И пошло! В учебнике сказано, что тихая стоячая вода может остыть иногда ниже нуля, не замерзая, но достаточно бросить в нее камень, чтобы она мгновенно покрылась льдом. Это часто наблюдается и в делах человеческих. Теперь имеем случай любоваться этим занимательным явлением природы по милости инцидента с ‘национальным лицом’. На днях еще за стыд и срам считалось русскому интеллигенту выговорить этакое слово без презрительной гримасы, а теперь даже такая заскорузлая, стерилизованная невинность, как ‘Наша газета’, через номер усердно склоняет и спрягает ‘национальные’ словеса. И оказывается, что они, видите ли, всегда дорожили национальными моментами, всегда понимали, что правильное национальное чувство есть вещь безупречно прогрессивная, и чуть ли не за то, главным образом, и серчали на русское начальство, что оно унижает национальное величие!
Поистине трогательное открытие. Кто подозревал о присутствии такой контрабанды под спудом, а особенно в ‘Нашей газете’, в этом классическом образчике русско-интеллигентской передовитости, в этом бесполом органе строго выдержанного направленчества без направления, в этом щепетильно отгороженном и чистенько подметенном пустом месте, на котором группа тщательно подобранных бесцветностей, не моргая, при всем честном народе смотрит тебе в пуп? Такая была идеальная тихая и стоячая вода, но, видно, крепко прохватило ее окружающей температурой, попал в нее камень, да еще брошенный неумной и, может быть, нетрезвой рукою, — и пошло!
Многих из нас это ошеломило — потому что мы плохие наблюдатели.

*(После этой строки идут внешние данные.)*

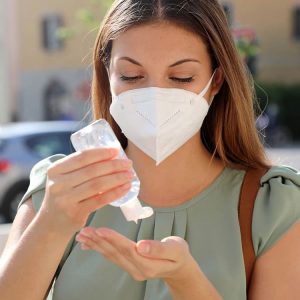 Mujer aplicándose alcohol gel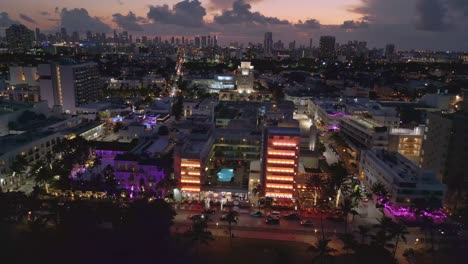 Colorful-Art-Deco-buildings-along-Ocean-Drive,-South-beach-Miami,-dusk-drone-shot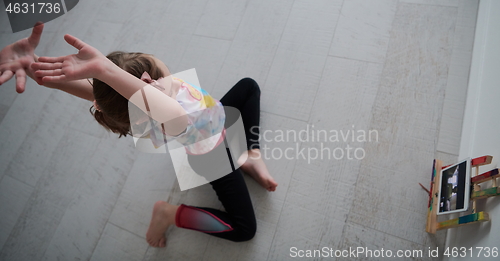 Image of girl online education ballet class at home top view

Конечно, тот тонкий слой, который носит имя передовой русской интеллигенции и задает искони тон в печати, до последнего времени просто не интересовался своей великорусской национальностью, как здоровый человек не интересуется своим здоровьем, особенно когда у него других хлопот полон рот, хата не топлена и сквозь крышу небо плачет.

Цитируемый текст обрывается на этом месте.